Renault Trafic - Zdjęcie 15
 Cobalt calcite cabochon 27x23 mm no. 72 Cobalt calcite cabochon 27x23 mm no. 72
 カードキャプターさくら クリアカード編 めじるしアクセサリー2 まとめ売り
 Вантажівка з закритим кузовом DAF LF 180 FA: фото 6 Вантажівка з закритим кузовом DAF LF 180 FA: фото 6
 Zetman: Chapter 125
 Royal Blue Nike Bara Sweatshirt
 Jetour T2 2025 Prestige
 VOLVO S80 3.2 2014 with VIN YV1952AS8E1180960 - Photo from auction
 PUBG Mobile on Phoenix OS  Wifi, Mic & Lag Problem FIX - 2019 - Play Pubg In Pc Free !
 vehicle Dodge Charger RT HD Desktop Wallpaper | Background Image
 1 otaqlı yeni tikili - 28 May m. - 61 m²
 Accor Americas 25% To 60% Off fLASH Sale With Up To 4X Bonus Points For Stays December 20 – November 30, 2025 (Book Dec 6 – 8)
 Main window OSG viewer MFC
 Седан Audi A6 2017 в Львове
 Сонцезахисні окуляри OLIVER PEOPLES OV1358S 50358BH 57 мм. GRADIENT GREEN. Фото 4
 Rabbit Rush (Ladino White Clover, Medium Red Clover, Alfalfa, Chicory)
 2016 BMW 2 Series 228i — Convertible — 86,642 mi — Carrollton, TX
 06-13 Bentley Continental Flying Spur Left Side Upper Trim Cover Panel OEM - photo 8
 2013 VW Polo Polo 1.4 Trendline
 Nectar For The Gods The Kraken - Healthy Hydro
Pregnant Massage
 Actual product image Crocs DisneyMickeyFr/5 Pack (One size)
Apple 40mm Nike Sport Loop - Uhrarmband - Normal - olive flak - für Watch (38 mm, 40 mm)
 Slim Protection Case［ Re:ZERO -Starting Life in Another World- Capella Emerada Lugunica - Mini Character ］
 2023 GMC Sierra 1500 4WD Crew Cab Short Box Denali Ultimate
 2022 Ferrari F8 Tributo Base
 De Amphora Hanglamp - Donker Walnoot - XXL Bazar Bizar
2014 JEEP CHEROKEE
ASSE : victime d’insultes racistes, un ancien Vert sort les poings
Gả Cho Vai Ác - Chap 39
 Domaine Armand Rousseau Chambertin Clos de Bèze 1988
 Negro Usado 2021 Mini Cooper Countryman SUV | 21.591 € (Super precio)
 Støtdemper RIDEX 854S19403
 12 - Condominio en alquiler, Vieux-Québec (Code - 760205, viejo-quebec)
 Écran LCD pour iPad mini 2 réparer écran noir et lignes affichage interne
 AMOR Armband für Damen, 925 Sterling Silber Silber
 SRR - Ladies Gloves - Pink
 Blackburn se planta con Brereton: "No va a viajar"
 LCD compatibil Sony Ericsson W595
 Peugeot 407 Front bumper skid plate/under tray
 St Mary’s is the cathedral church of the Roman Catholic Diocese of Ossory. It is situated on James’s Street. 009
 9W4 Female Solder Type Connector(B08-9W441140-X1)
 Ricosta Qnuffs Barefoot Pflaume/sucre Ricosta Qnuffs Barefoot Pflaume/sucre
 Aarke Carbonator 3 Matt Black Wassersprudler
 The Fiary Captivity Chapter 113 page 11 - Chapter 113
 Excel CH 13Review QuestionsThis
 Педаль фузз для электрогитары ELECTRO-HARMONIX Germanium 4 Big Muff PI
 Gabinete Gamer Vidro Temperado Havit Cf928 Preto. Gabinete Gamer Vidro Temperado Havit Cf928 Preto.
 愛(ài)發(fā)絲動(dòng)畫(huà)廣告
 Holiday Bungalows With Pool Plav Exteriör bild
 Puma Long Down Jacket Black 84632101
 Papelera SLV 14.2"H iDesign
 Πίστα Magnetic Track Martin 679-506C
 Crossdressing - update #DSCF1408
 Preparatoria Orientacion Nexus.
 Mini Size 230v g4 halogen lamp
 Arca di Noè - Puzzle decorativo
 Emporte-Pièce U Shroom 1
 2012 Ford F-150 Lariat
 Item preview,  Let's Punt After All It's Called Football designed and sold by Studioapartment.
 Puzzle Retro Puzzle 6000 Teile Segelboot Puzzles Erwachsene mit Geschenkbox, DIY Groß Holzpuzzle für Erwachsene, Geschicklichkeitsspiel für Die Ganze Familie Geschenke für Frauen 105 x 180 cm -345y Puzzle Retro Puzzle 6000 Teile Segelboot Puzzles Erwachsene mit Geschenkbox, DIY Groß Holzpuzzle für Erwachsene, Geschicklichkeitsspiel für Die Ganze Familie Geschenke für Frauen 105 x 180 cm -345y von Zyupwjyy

- - - - -

● THE TASK
The response should consist of the entries, retyped exactly and in full.

● SOLVED PROBLEM
Renault Trafic - Zdjęcie 15
 Cobalt calcite cabochon 27x23 mm no. 72 Cobalt calcite cabochon 27x23 mm no. 72
 カードキャプターさくら クリアカード編 めじるしアクセサリー2 まとめ売り
 Вантажівка з закритим кузовом DAF LF 180 FA: фото 6 Вантажівка з закритим кузовом DAF LF 180 FA: фото 6
 Zetman: Chapter 125
 Royal Blue Nike Bara Sweatshirt
 Jetour T2 2025 Prestige
 VOLVO S80 3.2 2014 with VIN YV1952AS8E1180960 - Photo from auction
 PUBG Mobile on Phoenix OS  Wifi, Mic & Lag Problem FIX - 2019 - Play Pubg In Pc Free !
 vehicle Dodge Charger RT HD Desktop Wallpaper | Background Image
 1 otaqlı yeni tikili - 28 May m. - 61 m²
 Accor Americas 25% To 60% Off fLASH Sale With Up To 4X Bonus Points For Stays December 20 – November 30, 2025 (Book Dec 6 – 8)
 Main window OSG viewer MFC
 Седан Audi A6 2017 в Львове
 Сонцезахисні окуляри OLIVER PEOPLES OV1358S 50358BH 57 мм. GRADIENT GREEN. Фото 4
 Rabbit Rush (Ladino White Clover, Medium Red Clover, Alfalfa, Chicory)
 2016 BMW 2 Series 228i — Convertible — 86,642 mi — Carrollton, TX
 06-13 Bentley Continental Flying Spur Left Side Upper Trim Cover Panel OEM - photo 8
 2013 VW Polo Polo 1.4 Trendline
 Nectar For The Gods The Kraken - Healthy Hydro
Pregnant Massage
 Actual product image Crocs DisneyMickeyFr/5 Pack (One size)
Apple 40mm Nike Sport Loop - Uhrarmband - Normal - olive flak - für Watch (38 mm, 40 mm)
 Slim Protection Case［ Re:ZERO -Starting Life in Another World- Capella Emerada Lugunica - Mini Character ］
 2023 GMC Sierra 1500 4WD Crew Cab Short Box Denali Ultimate
 2022 Ferrari F8 Tributo Base
 De Amphora Hanglamp - Donker Walnoot - XXL Bazar Bizar
2014 JEEP CHEROKEE
ASSE : victime d’insultes racistes, un ancien Vert sort les poings
Gả Cho Vai Ác - Chap 39
 Domaine Armand Rousseau Chambertin Clos de Bèze 1988
 Negro Usado 2021 Mini Cooper Countryman SUV | 21.591 € (Super precio)
 Støtdemper RIDEX 854S19403
 12 - Condominio en alquiler, Vieux-Québec (Code - 760205, viejo-quebec)
 Écran LCD pour iPad mini 2 réparer écran noir et lignes affichage interne
 AMOR Armband für Damen, 925 Sterling Silber Silber
 SRR - Ladies Gloves - Pink
 Blackburn se planta con Brereton: "No va a viajar"
 LCD compatibil Sony Ericsson W595
 Peugeot 407 Front bumper skid plate/under tray
 St Mary’s is the cathedral church of the Roman Catholic Diocese of Ossory. It is situated on James’s Street. 009
 9W4 Female Solder Type Connector(B08-9W441140-X1)
 Ricosta Qnuffs Barefoot Pflaume/sucre Ricosta Qnuffs Barefoot Pflaume/sucre
 Aarke Carbonator 3 Matt Black Wassersprudler
 The Fiary Captivity Chapter 113 page 11 - Chapter 113
 Excel CH 13Review QuestionsThis
 Педаль фузз для электрогитары ELECTRO-HARMONIX Germanium 4 Big Muff PI
 Gabinete Gamer Vidro Temperado Havit Cf928 Preto. Gabinete Gamer Vidro Temperado Havit Cf928 Preto.
 愛(ài)發(fā)絲動(dòng)畫(huà)廣告
 Holiday Bungalows With Pool Plav Exteriör bild
 Puma Long Down Jacket Black 84632101
 Papelera SLV 14.2"H iDesign
 Πίστα Magnetic Track Martin 679-506C
 Crossdressing - update #DSCF1408
 Preparatoria Orientacion Nexus.
 Mini Size 230v g4 halogen lamp
 Arca di Noè - Puzzle decorativo
 Emporte-Pièce U Shroom 1
 2012 Ford F-150 Lariat
 Item preview,  Let's Punt After All It's Called Football designed and sold by Studioapartment.
 Puzzle Retro Puzzle 6000 Teile Segelboot Puzzles Erwachsene mit Geschenkbox, DIY Groß Holzpuzzle für Erwachsene, Geschicklichkeitsspiel für Die Ganze Familie Geschenke für Frauen 105 x 180 cm -345y Puzzle Retro Puzzle 6000 Teile Segelboot Puzzles Erwachsene mit Geschenkbox, DIY Groß Holzpuzzle für Erwachsene, Geschicklichkeitsspiel für Die Ganze Familie Geschenke für Frauen 105 x 180 cm -345y von Zyupwjyy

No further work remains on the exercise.